Three robust models of ML, namely CNN, MLP and RF, were developed, revealing high potentials for flood and floodable area mapping in the Mekong Delta. A comparative detailed analysis between different accuracy indicators recorded by the three ML models, with the correlation of flooding periods, could be considered especially important to allow for a perfect accuracy assessment. It was noted that the proposed CNN model demonstrated the highest reliability and flexibility for flood and floodable area mapping. These prediction results provide new insights into the patterns of flood variation in space and time in the Mekong Delta. Furthermore, the use of segmentation parameters adapted to seasonal and annual variations and the adaptation of CNN models to these variations are one of the original aspects of our classification method.

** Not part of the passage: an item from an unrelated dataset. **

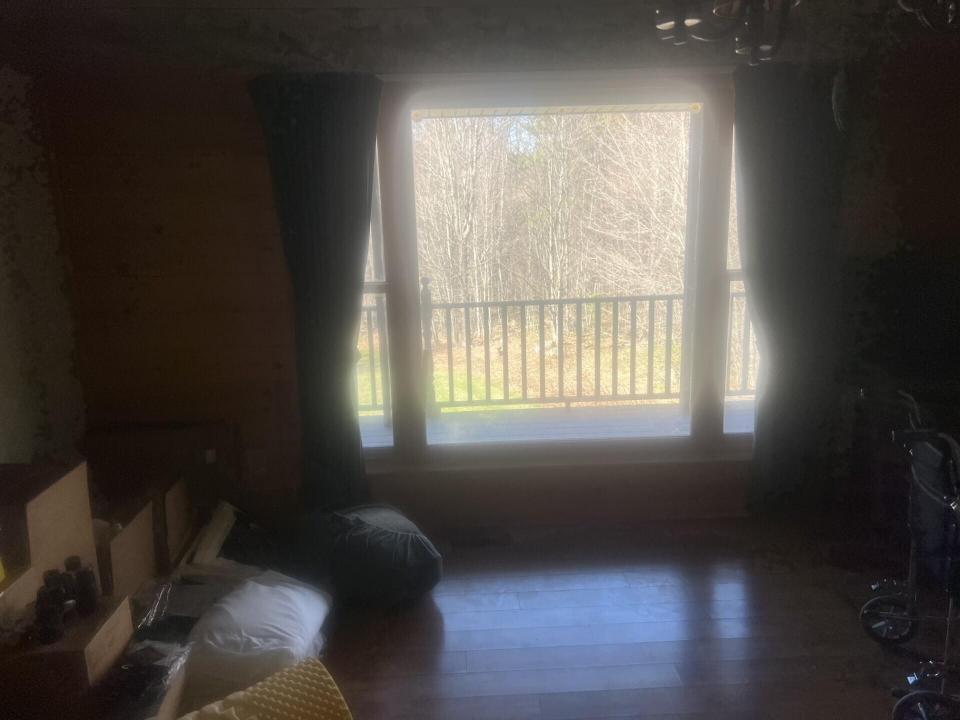 Living Room Window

According to the results of the flood extent mapping derived from the application of the three ML algorithms, the predictions of the spatiotemporal flood forecast models based on the Sentinel-1 time series appear to be globally consistent. Furthermore, from a qualitative point of view, the magnitude of seasonal and inter-annual variations in flood extent was also consistent with significant peaks during the wet season and troughs during the dry season highlighted by the hydro-meteorological data. Indeed, peaks and troughs in flood extent are generally well aligned with the CNN mapping of flood events and floodable areas.
Although rice fields were the economic issue addressed in this study, a LULC analysis was also conducted to quantify the impact of flood risk on different land use classes with significant local economic value. This research suggests that the CNN model developed here could be generalized to other deltaic areas for future studies, using other types of remotely sensed images.